* **Data below**

══════════════════════════════

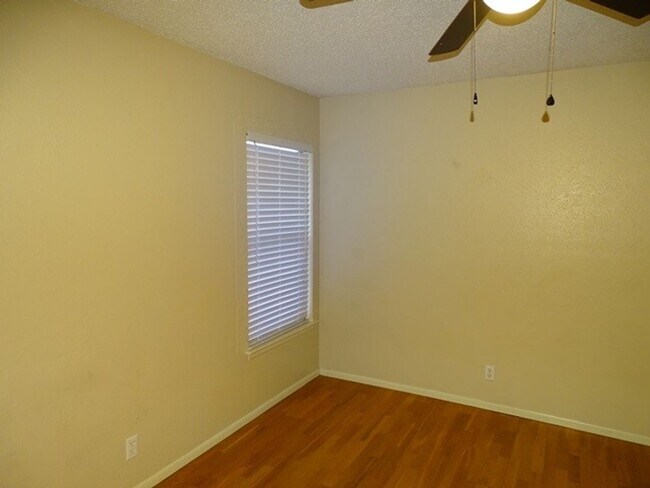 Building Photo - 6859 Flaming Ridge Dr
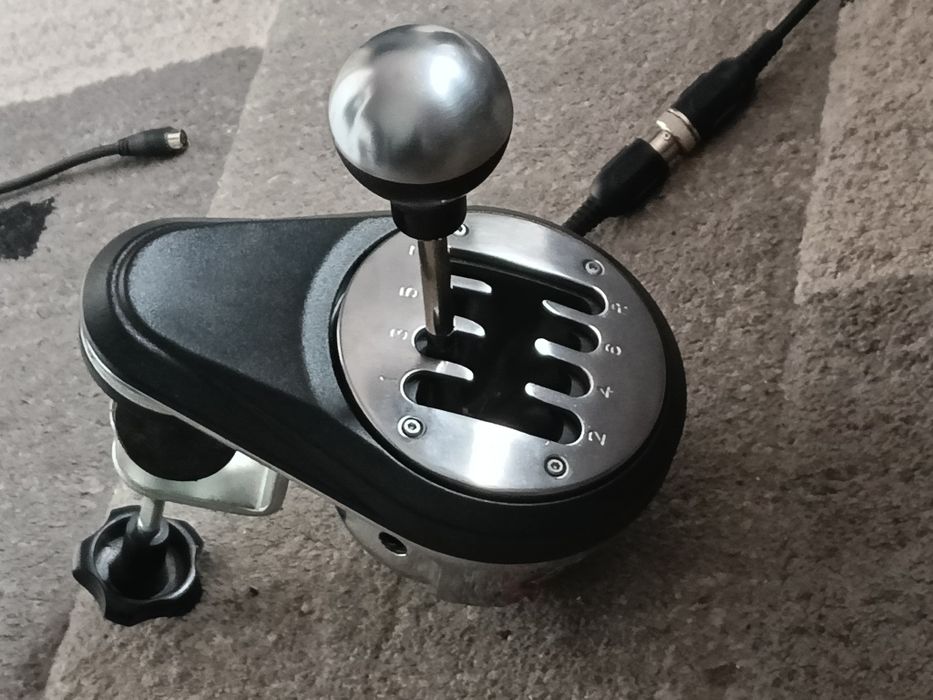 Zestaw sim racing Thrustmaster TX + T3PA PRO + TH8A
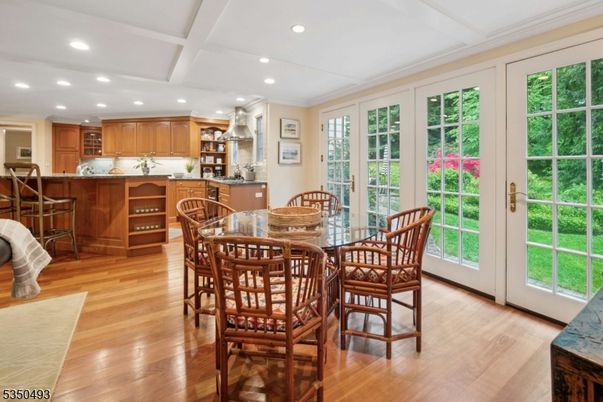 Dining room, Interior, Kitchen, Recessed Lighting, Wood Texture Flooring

══════════════════════════════

* **Problem requirements**
Give the material above again exactly as it stands, minus any images.

* **Answer for the task**
 Building Photo - 6859 Flaming Ridge Dr
 Zestaw sim racing Thrustmaster TX + T3PA PRO + TH8A
 Dining room, Interior, Kitchen, Recessed Lighting, Wood Texture Flooring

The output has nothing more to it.